Eelum Dixit: I started working on Red Monsoon about three years ago. Since then, the making of this film (from the first draft to the distribution) has reconnected me with college professors and colleagues, it has given me the opportunity to get guidance from such greats as [Canadian filmmaker and screenwriter] Mary Harron, and to get feedback from people like [Indian actress and director] Nandita Das… I am currently working on making sure that all the input from these great people does not go to waste, and that three years of hard work pays off by having our film screened in Nepal.

ET: Could you tell me about the challenges, as a small Nepali filmmaker, of getting your film screened in Kathmandu, and what you’re doing to promote Red Monsoon?

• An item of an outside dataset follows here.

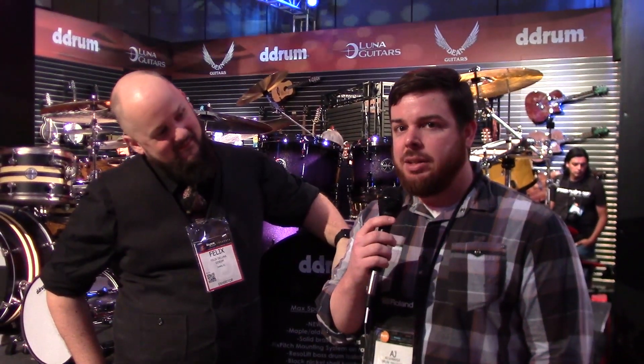Hey, this is AJ Donahue from Drum Magazine. I'm here with Felix DeLuna from D-Drum, and he's going to tell us a little bit about the new Max series.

ED: I think that the social media world has not been used to its full capacity, and most of the time it has been used badly. What we can do with our film is to put out honest promos (trailers, posters and so on) and hope that enough people see these. Once they have seen what we have to offer, the audiences will make up their own mind as to whether or not they want to see it. I think, in fact, that Nepali halls and distributors are willing to try more indie films. The amount of time that a film runs will depend upon the size of the  audience it draws—the halls will not give you time slots if another film can fill the halls better. It is really up to us to draw the audience and give the halls a reason to keep the films there.

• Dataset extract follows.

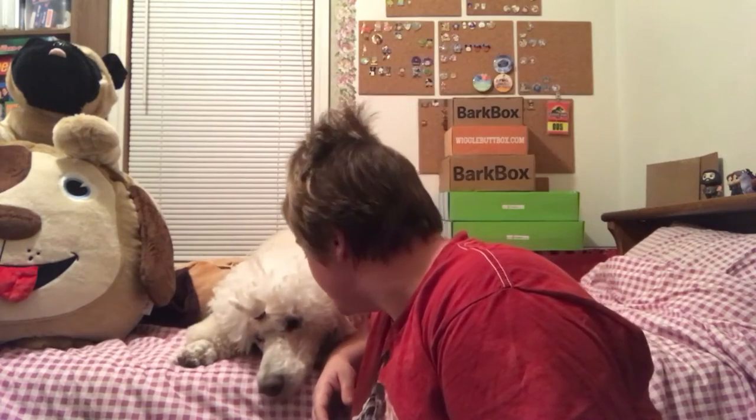Hey everyone, it's Emily with my buddy Blix, and we have a special unboxing video because Blix just turned five years old. The AKC sent me a coupon to get him a birthday box, so we're going to open that today on camera. This is just a one-time box — we'll only receive it this time. If I'd like to get it again, I'll have to go online and order it.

ET: What are your feelings about the state of Nepali cinema at present?

ED: I think that Nepali cinema is at a point now where if people at the top work together, we can really create a proper industry. There are enough young producers, directors, distributors joining the game and willing to try out new things. The mainstream will always be there to some extent, but there is a growing space for independent films. I have not heard of any films making it into the multiplexes and really running in Indian halls in recent times, but there is a possibility. I think that we are really missing out by not making connections in Sikkim and Darjeeling [areas of north-eastern India where Nepali is widely spoken]. Instead, our films are going to the diaspora in different countries—Australia, America, UK—but these are also yet to find proper channeled distribution, relying on the restaurant charity show tradition. For our film, I am focusing on Kathmandu, and seeing if anyone else gets excited.

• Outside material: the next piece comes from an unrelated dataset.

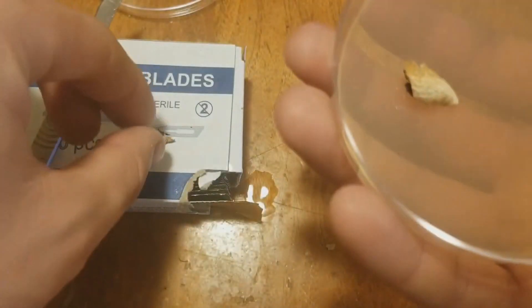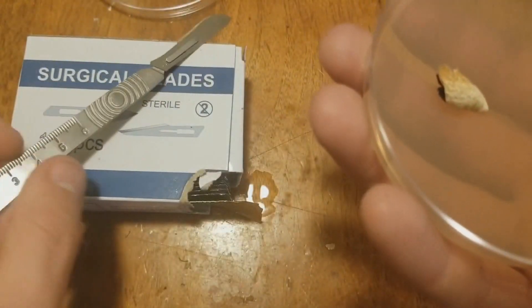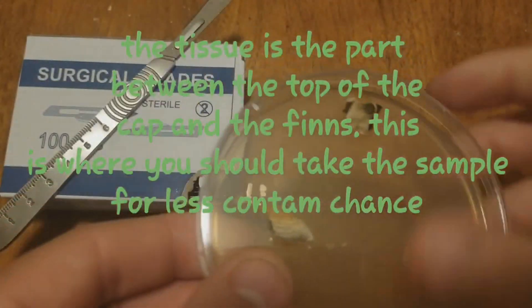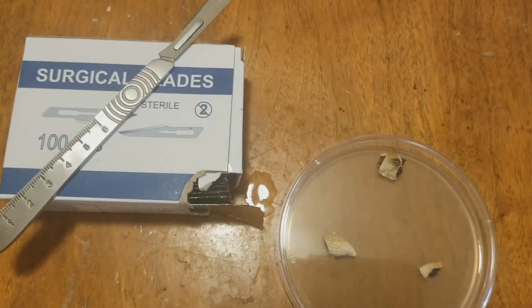This works a lot easier if you're using fresh mushrooms, and it's actually recommended that you use the tissue of the mushrooms. I'll try to show you the tissue between the mushrooms here — it's hard with this type of dried mushroom.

ET: What influences and inspires you creatively?

ED: Nepal inspires! In this film, Patan, Kathmandu, inner-city stories inspire. The need to portray things for what they are inspires me. The need to find our own culture, our own realities in our films also inspires me.

ET: It seemed to me that you had crafted Red Monsoon carefully so that it adheres to certain South Asian tropes of melodrama and the soap opera, yet you subverted these somewhat. This seemed like a clever way of positioning your film as appealing to a ‘mainstream’ audience, as well as making it a bit more intelligent so as to appeal to people who may just dismiss the melodramatic genre. What are your thoughts on this?

ED: It is what it is. I like this question so much that I don’t want to answer it. I really think that this is for the audience to see and to decide on. I am hoping that it does exactly what you suggest when the film hits the halls.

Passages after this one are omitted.